Deryn snapped out of her thoughts to glance at Alek. He was squinting into the dawn as well, even as his eyes were nowhere near strong enough to see from that great a distance. After a whole night of being jumpy and terrified the boy didn’t seem frightened at all. Deryn supposed that made sense- poor lad must be exhausted, but…
 “Is that…” Deryn said, “Is that your family?”
 Alek pushed away from the window with a sigh.
 “Ah,” he said, sounding more disappointed than anything, “As I expected.”
 “Expected? Expected?!” Deryn cried, “They’ve sent a bloody war machine!”
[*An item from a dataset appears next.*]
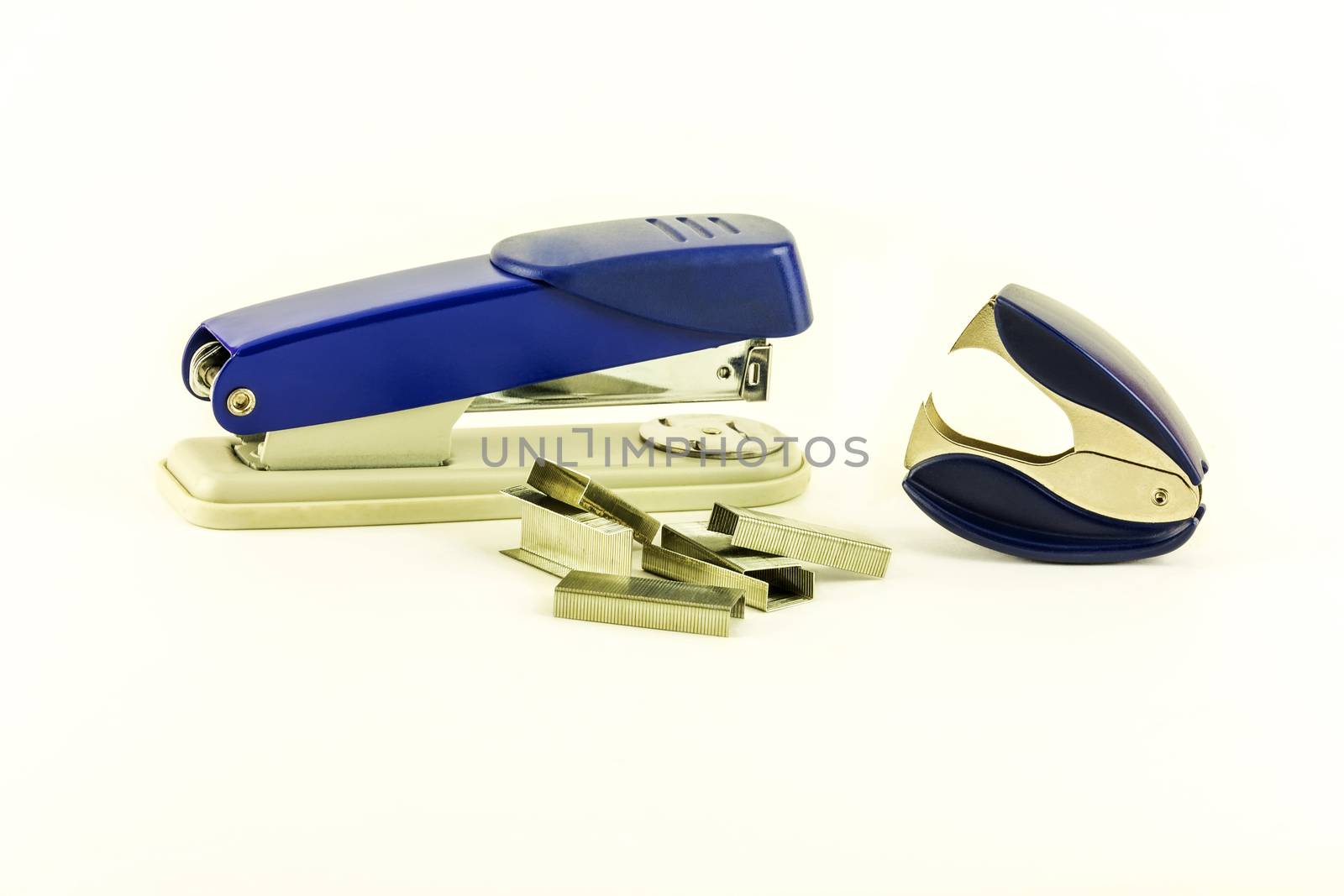 Stapler, staples for stapler and anti-stapler lie on white backg by Grommik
 How many of the crew had entered the hive since the sighting? How many were blacked out, or near blacking out? Even with full staff the Leviathan itself was pure dead hopeless, a ship of flechetts and strafing hawks had no leverage against an attack from the ground. The only thing keeping her home from going up in flames was Deryn, and she was stuck between a direct order from the captain to return to hive and a boy with every intention of getting her staked.
 But none of that mattered now- Deryn searched for some way to get down. She had to stop this now!
 “I thought Volger might take a more direct approach,” Alek said, his voice almost mournful, “We’ve run out of time.”
 Deryn whipped around to face him, still shocked at how calm he was.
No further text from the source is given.